@Norbeto
I (or SYA) can tell you what's not there or needs updating ...
That's taken right off the PTS of last June. Wait until the DTS goes "under the covers" to find out the full extent of what needs to updated, upgraded and/or replaced.
And don't forget that the PTS used an ASP US$25,585 per tonne of Carbonate and an AISC of US$11,997 per tonne to reach its pre-tax NPV8 AUD$3.7B (or ~US$2.47B). And yes the cost of raw material (i.e. SC) is "inflated" at US$1,180/tonne as the agreed transfer price.
Best to keep that in mind when thinking about where US Gigafactories could source their Carbonate needs from...
Recent interview with Fastmarkets has their 10-year average price forecast at $23.3/Kg Carbonate and about $1,900/t for SC6 .... that's an average over the next 10 years .... but for the remainder of this year that have SC at roughly $1,200/t
And I'll quote David Decklebaum from TD Cowan (my bolding)

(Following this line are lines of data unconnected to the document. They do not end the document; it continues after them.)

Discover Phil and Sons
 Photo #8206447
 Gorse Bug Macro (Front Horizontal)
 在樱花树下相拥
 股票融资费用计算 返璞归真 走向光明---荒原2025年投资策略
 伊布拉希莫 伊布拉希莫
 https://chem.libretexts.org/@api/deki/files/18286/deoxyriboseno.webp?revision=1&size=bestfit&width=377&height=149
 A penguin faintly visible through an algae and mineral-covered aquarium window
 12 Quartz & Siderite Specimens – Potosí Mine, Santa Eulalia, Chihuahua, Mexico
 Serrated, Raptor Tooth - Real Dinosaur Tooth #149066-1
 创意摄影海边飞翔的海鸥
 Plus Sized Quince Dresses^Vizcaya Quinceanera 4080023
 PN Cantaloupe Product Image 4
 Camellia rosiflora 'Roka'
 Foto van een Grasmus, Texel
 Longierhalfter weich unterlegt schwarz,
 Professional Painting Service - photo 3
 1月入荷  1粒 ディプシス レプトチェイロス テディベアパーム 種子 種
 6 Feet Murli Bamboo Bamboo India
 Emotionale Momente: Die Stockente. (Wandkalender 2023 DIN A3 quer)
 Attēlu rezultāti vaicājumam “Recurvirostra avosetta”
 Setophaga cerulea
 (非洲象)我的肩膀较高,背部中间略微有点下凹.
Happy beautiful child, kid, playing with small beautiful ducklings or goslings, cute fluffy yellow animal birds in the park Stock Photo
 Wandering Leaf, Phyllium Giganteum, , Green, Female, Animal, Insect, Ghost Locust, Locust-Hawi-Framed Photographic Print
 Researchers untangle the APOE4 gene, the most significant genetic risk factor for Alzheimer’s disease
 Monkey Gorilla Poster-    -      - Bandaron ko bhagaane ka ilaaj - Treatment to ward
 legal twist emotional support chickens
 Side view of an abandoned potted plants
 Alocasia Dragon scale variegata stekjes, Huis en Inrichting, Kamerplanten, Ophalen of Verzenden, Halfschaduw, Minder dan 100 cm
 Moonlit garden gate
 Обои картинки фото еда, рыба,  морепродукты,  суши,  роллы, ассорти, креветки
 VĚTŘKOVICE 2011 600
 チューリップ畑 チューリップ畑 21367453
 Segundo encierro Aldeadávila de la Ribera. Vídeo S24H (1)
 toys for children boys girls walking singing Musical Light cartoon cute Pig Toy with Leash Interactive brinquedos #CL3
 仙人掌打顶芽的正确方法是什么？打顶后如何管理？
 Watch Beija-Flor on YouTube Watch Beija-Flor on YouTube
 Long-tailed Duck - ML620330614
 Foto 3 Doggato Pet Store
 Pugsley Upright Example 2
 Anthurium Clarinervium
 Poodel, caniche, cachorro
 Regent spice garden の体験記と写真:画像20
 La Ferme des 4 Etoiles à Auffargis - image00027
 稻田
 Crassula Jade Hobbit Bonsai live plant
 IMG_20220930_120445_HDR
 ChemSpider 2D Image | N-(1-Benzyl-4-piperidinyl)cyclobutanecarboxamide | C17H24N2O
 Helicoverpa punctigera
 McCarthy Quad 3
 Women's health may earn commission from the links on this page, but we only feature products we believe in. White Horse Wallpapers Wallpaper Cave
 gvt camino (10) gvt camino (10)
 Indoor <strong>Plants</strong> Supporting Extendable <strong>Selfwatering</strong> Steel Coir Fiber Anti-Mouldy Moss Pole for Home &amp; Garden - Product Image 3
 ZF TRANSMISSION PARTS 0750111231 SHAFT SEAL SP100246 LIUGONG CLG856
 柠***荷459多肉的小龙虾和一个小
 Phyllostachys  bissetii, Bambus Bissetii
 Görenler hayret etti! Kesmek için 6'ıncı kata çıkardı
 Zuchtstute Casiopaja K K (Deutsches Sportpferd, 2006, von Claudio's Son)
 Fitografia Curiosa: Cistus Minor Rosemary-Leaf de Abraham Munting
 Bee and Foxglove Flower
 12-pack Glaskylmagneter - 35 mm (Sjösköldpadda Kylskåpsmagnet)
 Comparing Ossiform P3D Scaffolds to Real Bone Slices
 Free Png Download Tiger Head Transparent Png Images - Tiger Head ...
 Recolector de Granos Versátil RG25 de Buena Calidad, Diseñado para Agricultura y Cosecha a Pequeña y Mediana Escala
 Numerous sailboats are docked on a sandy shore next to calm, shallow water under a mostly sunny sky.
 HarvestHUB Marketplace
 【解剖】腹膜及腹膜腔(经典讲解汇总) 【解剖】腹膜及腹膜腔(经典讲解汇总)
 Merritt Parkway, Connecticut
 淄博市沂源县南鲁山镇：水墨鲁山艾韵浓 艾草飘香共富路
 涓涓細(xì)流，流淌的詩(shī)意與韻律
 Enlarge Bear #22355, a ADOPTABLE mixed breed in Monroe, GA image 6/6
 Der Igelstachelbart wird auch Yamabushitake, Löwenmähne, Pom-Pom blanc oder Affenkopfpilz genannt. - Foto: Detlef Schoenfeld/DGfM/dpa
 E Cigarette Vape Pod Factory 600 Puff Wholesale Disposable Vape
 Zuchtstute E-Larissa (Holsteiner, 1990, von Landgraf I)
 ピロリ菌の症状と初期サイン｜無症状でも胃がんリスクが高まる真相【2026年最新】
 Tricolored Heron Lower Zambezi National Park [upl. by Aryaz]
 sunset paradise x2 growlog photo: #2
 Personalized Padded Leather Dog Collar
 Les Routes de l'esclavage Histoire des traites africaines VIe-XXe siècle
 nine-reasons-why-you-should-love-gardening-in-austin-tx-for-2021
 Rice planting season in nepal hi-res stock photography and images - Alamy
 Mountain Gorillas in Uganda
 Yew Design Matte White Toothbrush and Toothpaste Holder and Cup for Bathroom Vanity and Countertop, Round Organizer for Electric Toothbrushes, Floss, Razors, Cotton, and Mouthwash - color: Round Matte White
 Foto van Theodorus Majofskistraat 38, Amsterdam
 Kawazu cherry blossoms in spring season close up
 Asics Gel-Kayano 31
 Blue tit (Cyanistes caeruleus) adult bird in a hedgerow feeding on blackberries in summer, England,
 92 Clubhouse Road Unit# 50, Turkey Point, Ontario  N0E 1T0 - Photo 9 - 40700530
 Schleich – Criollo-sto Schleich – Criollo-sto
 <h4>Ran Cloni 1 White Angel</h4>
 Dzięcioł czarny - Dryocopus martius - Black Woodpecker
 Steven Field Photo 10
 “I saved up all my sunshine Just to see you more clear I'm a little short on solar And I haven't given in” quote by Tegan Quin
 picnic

"And if you believe that we're in this mid-cycle, albeit weak price environment, you're not incentivizing new expansion in North America. You have to have confidence, I think, that you're going to see continued government support. You wouldn't rightfully underwrite any of the projects that we know about in North America right now in this price environment, if you were paying for them yourself. I think you need to see that entire collaboration that goes all the way up to the OEM, beyond the loan programs office,"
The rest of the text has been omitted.